But the country faces farming and food-security issues caused, in part, by food loss and crop damage.

According to India’s Ministry of Consumer Affairs, more than 38,000 metric tons of food grains have been damaged in the last five years, causing a loss of NR 484 million.

Inadequate storage and adverse weather are amongst the major causes of food loss and crop damage.

Storage is also a leading cause of post-harvest losses for all kinds of food in India, including fruits and vegetables, according to a study by the National Academy of Agricultural Sciences.

India’s average food loss ranges between 4.6% and 16%, with fruits and vegetables being most vulnerable to spoilage. This means that even as the country produces more to feed a growing population, food loss continues to be a significant challenge.

Additionally, weather calamities have affected 36 million hectares of land since 2016, damaging more than 5 million hectares of crop area in 2021 alone.

A Straightforward Farming Solution?

A two-fold solution can aid India’s food security so that people can have food when they need it.

It includes ensuring better crop protection during all stages of farming, including post-harvest, and using innovative farming technologies to improve crop yield and quality.

Some concrete steps are underway.
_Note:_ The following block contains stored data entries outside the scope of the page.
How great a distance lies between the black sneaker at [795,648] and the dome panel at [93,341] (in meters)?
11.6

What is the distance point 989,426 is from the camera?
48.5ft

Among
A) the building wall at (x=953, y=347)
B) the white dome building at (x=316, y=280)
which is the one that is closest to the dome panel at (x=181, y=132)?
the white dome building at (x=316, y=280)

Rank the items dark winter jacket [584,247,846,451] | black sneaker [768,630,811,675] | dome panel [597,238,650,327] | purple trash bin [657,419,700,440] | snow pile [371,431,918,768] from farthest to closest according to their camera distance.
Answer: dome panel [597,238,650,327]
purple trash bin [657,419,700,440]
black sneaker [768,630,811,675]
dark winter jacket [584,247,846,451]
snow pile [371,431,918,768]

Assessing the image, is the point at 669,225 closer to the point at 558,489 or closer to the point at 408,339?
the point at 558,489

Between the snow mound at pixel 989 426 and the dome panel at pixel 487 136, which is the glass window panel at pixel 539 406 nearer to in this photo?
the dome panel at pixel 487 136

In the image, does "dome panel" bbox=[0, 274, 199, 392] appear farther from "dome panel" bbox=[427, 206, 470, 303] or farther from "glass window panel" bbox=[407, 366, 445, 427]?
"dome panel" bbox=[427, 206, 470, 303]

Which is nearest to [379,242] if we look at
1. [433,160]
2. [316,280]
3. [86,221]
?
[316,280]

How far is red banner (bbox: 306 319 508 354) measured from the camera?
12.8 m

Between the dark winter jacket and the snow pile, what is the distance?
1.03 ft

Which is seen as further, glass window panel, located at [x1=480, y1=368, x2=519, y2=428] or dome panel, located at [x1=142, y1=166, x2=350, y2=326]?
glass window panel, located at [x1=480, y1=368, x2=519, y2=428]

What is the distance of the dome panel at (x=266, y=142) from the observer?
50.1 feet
The Food Corporation of India is working to build the capacity to safely store 10 million tons of food by deploying scientific storage methods.

At the same time, new agricultural technologies can be very effective during the entire farm-to-consumer stages—from growing seedlings to protecting harvested products.

Many Indian farmers are warming up to farming solutions such as mulch films and greenhouse films to improve crop quality and productivity. These films help minimize soil erosion, control soil temperature and suppress weeds, thereby enhancing the yield.

India's New Farming Technology

Pond liners prevent loss of agricultural water by keeping water from draining into the soil.

Agricultural films also boost the quality of storage solutions designed to protect harvested crops, such as silo bags and tarpaulins. These help farmers store their grain for longer by protecting it from fungus and insects, and reduce damage caused by excess rainfall.

Energy company ExxonMobil is working closely with local manufacturers of modern agricultural solutions to help solve some of the challenges faced by India’s food producers.

“Our solutions are helping farmers to grow, protect and preserve their harvest,” says Hari Gusain, ExxonMobil Area Sales Manager, India.

Rishi FIBC, one of India’s largest manufacturers of container liners and silo bags, has been using ExxonMobil’s high-performance chemical solutions to boost their storage technologies.

“ExxonMobil’s ExceedXP range of high-performance polyethylene has helped us enhance the quality of our agricultural films. These polymers have also enabled us to compete in the global market, as well as make high-quality agricultural film solutions available to Indian farmers,” says Joseph Francis, Executive Director & CEO, Rishi FIBC.

Advancing India’s Mission

Agricultural films can also help with water retention and advance India’s mission of “More Crop per Drop” under the PM Krishi Sinchayee Yojana, a national scheme aimed at ensuring more efficient use of agricultural water.

They are used to make pond liners and drip laterals, which ensure less runoff, thus giving farmers more crop per drop of water. This is critical for India, which only has access to 4% of the world’s fresh water but uses 80-90% of it in agriculture.

India future of farming

Drip laterals slowly drip water directly to the root zones of the crops, thus helping to reduce water use.

“Our products are helping Indian manufacturers to develop sustainable solutions, because what we are really doing here is ‘doing more with less.’ That means you can make very cost-effective agricultural films and create an affordable, quality product for farmers,” adds Gusain.

The future of farming globally will include a growing use of agricultural films and India is no exception.

According to an AMI Consulting report, Indian farmers currently use films to cover and protect around 100,000 hectares, with the potential to reach up to 4 million hectares, about the size of the Netherlands.

With limited arable land and a rapidly growing food demand, early adoption of new farming technologies such as agricultural films can advance India’s food security and increase farmers’ income.